======== Data shown ========
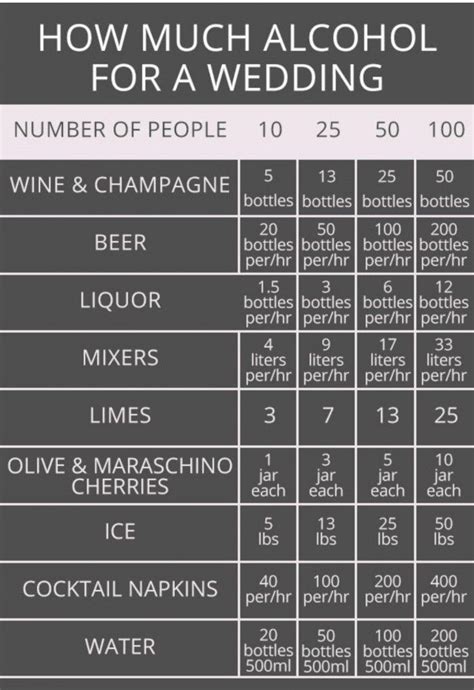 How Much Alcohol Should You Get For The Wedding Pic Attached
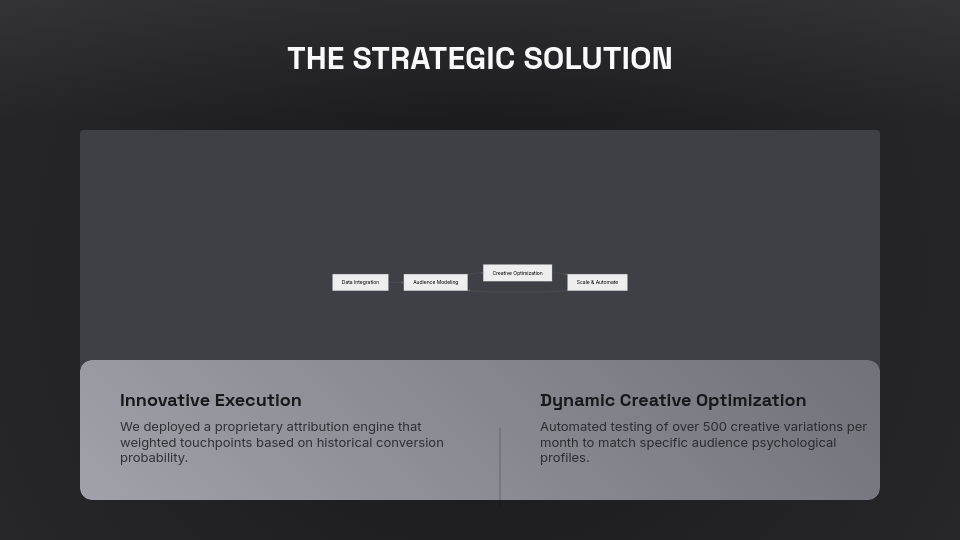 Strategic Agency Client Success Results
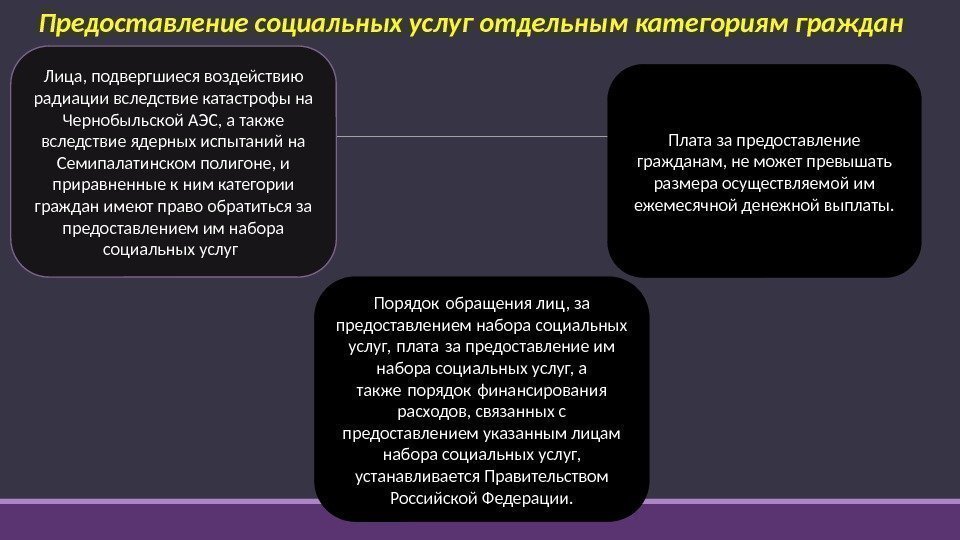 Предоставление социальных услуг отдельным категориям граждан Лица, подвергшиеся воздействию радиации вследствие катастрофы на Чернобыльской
========
======== Data shown ========
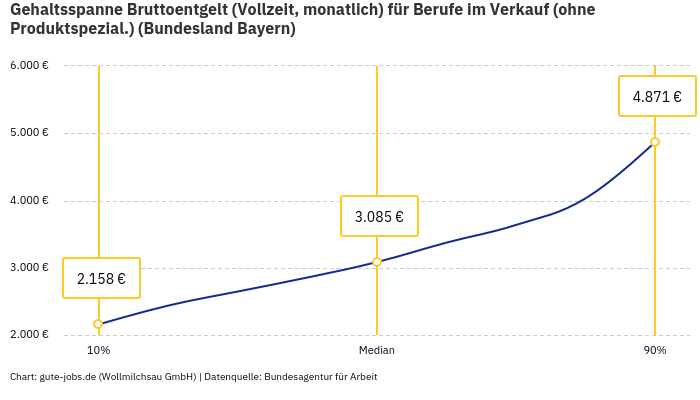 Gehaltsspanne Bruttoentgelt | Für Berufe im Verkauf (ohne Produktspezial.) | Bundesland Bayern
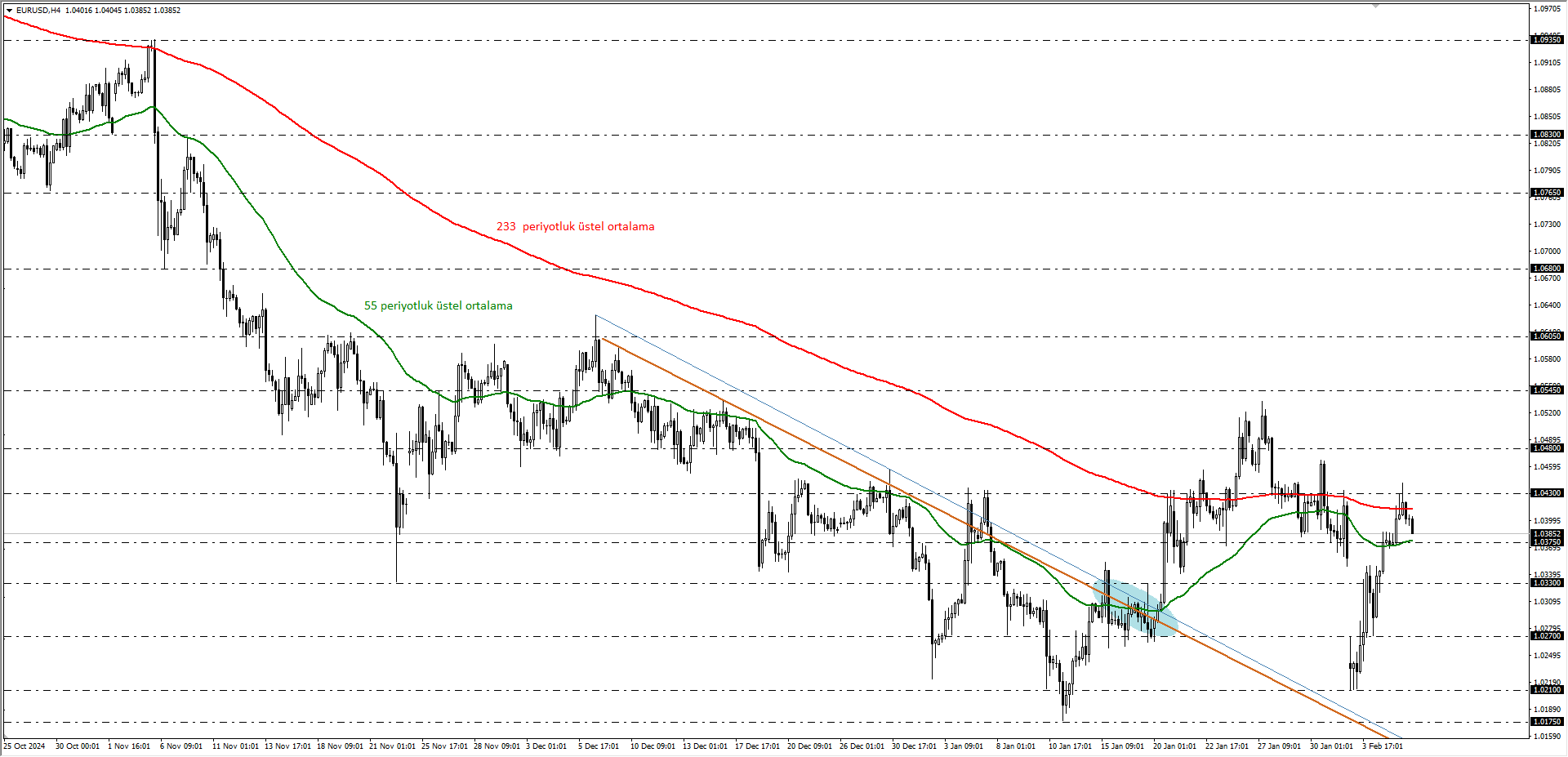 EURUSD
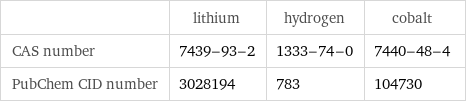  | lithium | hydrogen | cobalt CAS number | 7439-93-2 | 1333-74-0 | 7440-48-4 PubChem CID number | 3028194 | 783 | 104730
========
======== Data shown ========
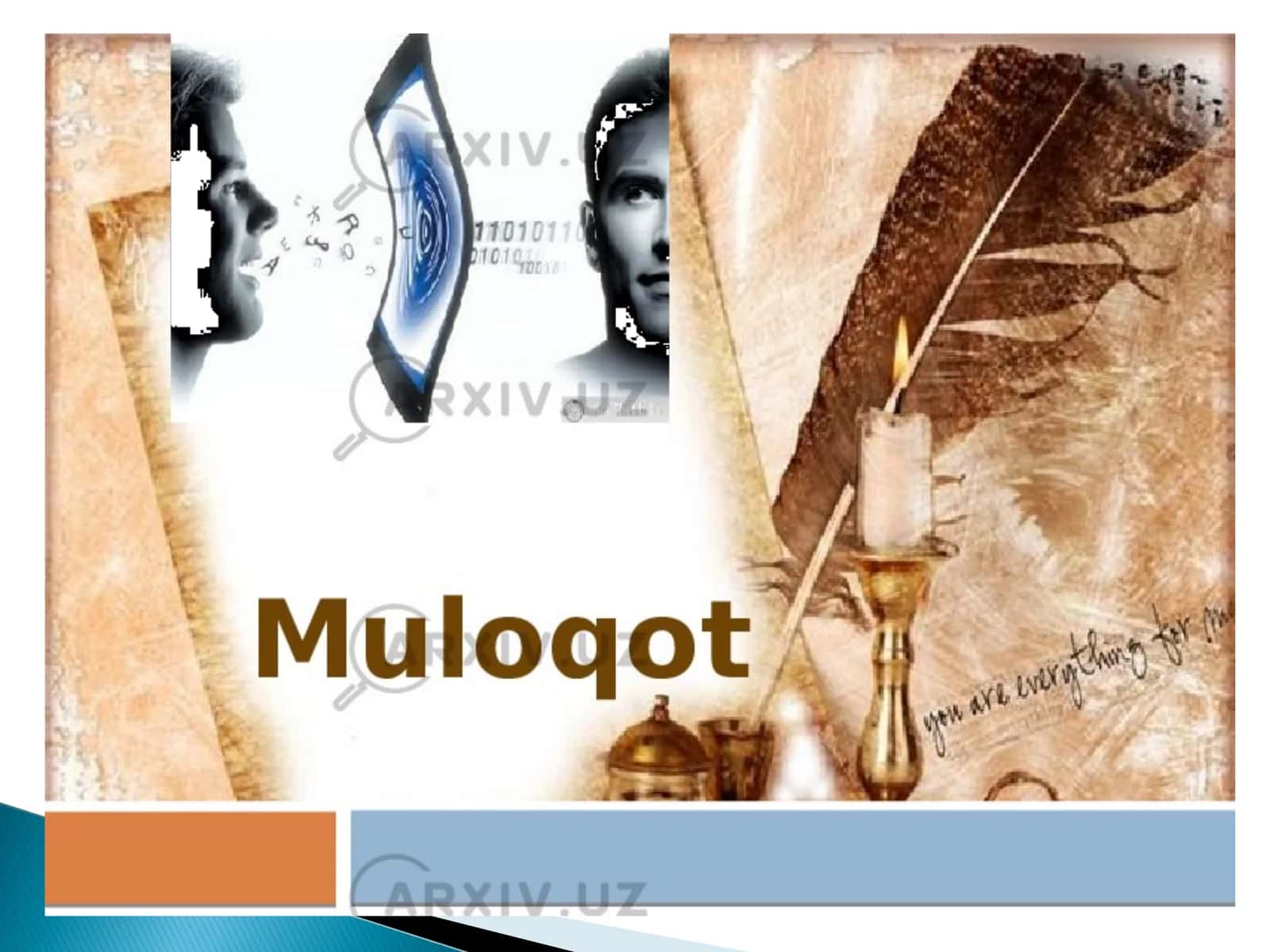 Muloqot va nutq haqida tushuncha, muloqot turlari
========
What you are asked to do:
Keep to the lines above from the line with "Strategic Agency Client Success Results" to the line with "Предоставление социальных услуг", and set down exactly those, inclusive, with nothing else and every picture left out.

Solution for this problem:
 Strategic Agency Client Success Results
 Предоставление социальных услуг отдельным категориям граждан Лица, подвергшиеся воздействию радиации вследствие катастрофы на Чернобыльской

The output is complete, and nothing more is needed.